Император тут же написал документ об отречении, макнул перо в чернильницу, занес его над бумагой, но, прежде чем подписать, на мгновение задержался и посмотрел на маршалов:
– А может быть, мы пойдем на них? Мы ведь их разобьем!
Маршалы молчали, отводя глаза. Наполеон подписал бумагу. После чего сказал обрадованным маршалам: «Вы хотели покоя, вы получите его. Но видит бог, мы не были поколением, созданным для покоя. Мир, которого вы желаете, скосит на ваших пуховых постелях скорее и больше людей из нашей среды, чем скосила бы война».
Меж тем союзники сделали то, чего так боялась Франция, – посадили на трон Бурбонов. И это было больше, чем преступление, это была ошибка. На которую бывший император, а ныне гражданин Бонапарт сразу же указал Коленкуру: «Я думаю о Франции. Бурбоны явятся, и бог знает, что последует. Бурбоны – это внешний мир, но внутренняя война. Посмотрите, что они через год сделают со страной».
Он был прав. Через год Франция уже стонала от Бурбонов, однако не будем забегать вперед.
Получив от Наполеона отречение, союзники так обрадовались, что пообещали Наполеону в управление остров Эльба в Средиземном море, а Марии-Луизе – личное владение в Италии. Они были счастливы, потому что понимали: не подпиши Наполеон этот документ, вся бодяга могла затянуться, поскольку армия, в отличие от маршалов, горой стояла за Наполеона. И вся нация стояла за Наполеона.
Один из молодых наполеоновских офицеров, вспоминая 1814 год, говорил о том, как он, в числе других французов, стоял в строю, а к ним обращался Наполеон, призывая защищать родину до последней капли крови: «Никогда!

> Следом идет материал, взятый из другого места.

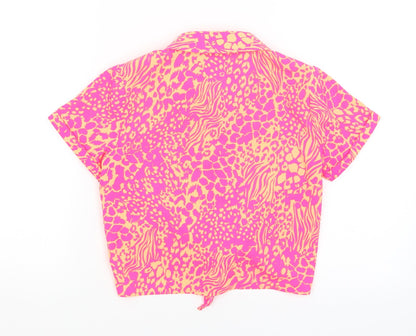 Blue Zoo Girls Orange Animal Print  Cropped Button-Up Size 11 Years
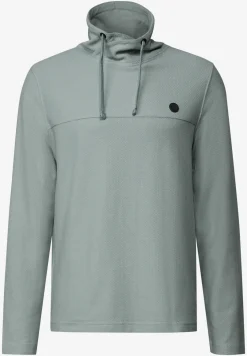 Shirt met structuur en trechtervormige hals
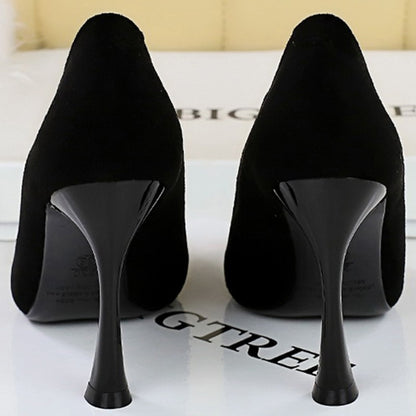 Autumn Simple Elegant 10cm 7cm High Heels Stiletto Womens Shoes Pointed Black Etiquette Professional Single Shoes Wedding Shoes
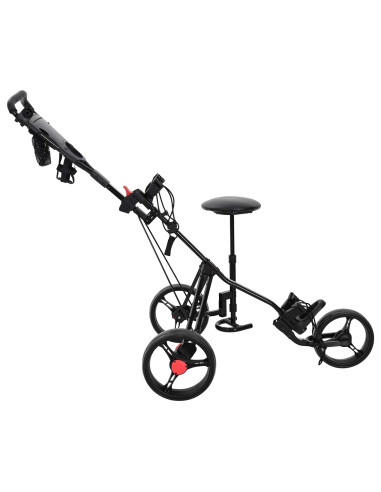 Carrello da golf con sedile Nero 95 x 69 x 114 cm Ferro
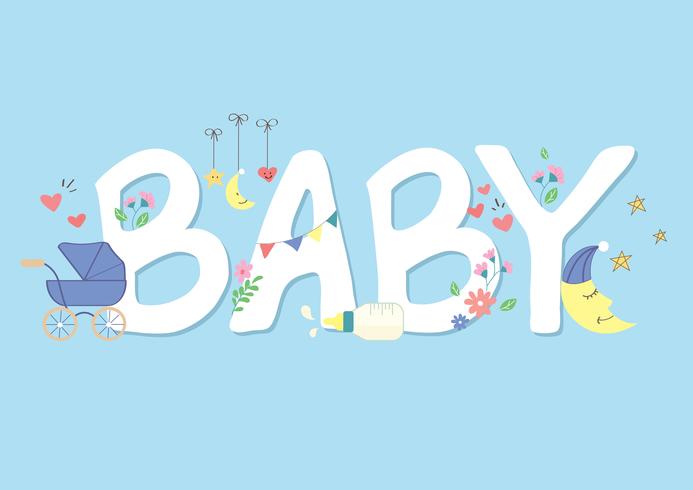 cute baby font vector 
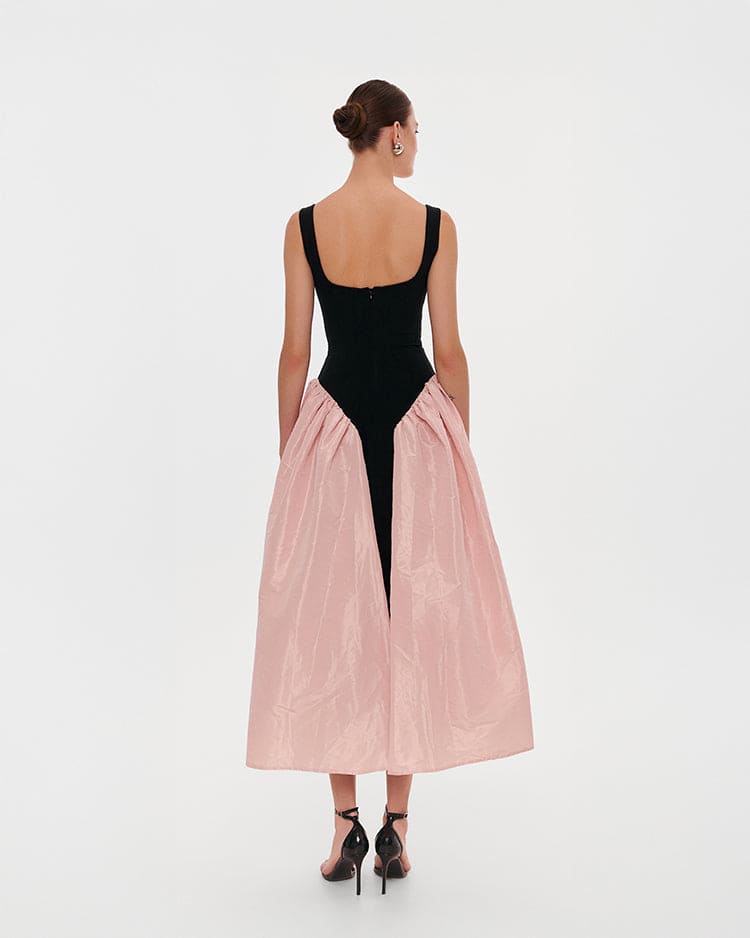 Black-Pink Stretch-Mesh Square-Neck Corset Midi Dress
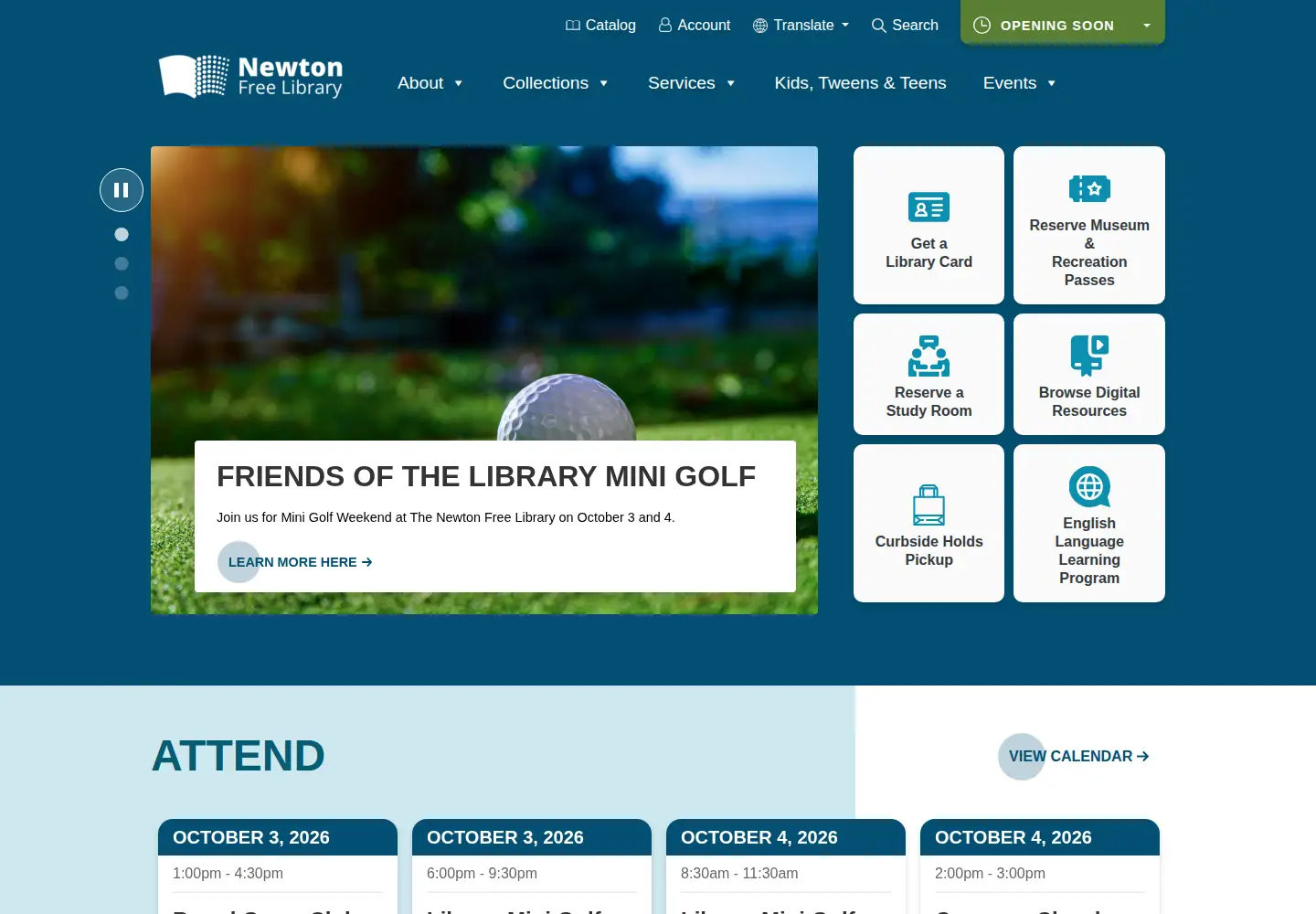 Screenshot of newtonfreelibrary.net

Никогда не изгладится из моей памяти конец его речи, когда, привстав на стременах и протянув к нам руку, он бросил нам слова: „Поклянитесь мне в этом!“ И мне, и всем моим товарищам показалось в эту минуту, что он силой исторг из глубины нашего сердца крик: „Клянемся! Да здравствует император!“ Сколько мощи было в этом человеке! У нас слезы выступили на глазах, и наши сердца исполнились непоколебимой решимости».
Они шли умирать и были готовы умирать. А в провинции уже начиналась то, чего так и не случилось в России, – настоящая партизанская война против оккупантов. Французские крестьяне брали вилы, поднимались и начинали день ото дня все чаще нападать на отряды союзников. Поэтому союзники и были в таком восторге от благородного жеста Наполеона. Они боялись, что нация может подняться, как поднялась двадцать лет назад, во время революции для борьбы с интервентами... Они опасались, что Наполеон может отнять Париж. А тут вдруг все так чудесно разрешилось!
Император Александр на радостях повел себя как-то странно. Он танцевал с любимой женщиной Наполеона – Жозефиной. Он кормил на пруду любимого лебедя Наполеона... Он разыскал придворного художника Наполеона и заказал ему свой портрет. Он приобрел себе сувениры из личного кабинета Наполеона. Сам будучи ничтожеством, Александр хотел хотя бы через вещи прикоснуться к великому.
Зато русский царь изо всех сил корчил из себя европейца, например, один и без охраны разъезжал по Парижу в коляске, гулял мимо парижских кафе, где парижане обсуждали новости, и так по-свойски, по- простому беседовал с прохожими. Тем более что все кругом говорили на его родном языке (русским Саша, как настоящий российский дворянин, владел хуже французского).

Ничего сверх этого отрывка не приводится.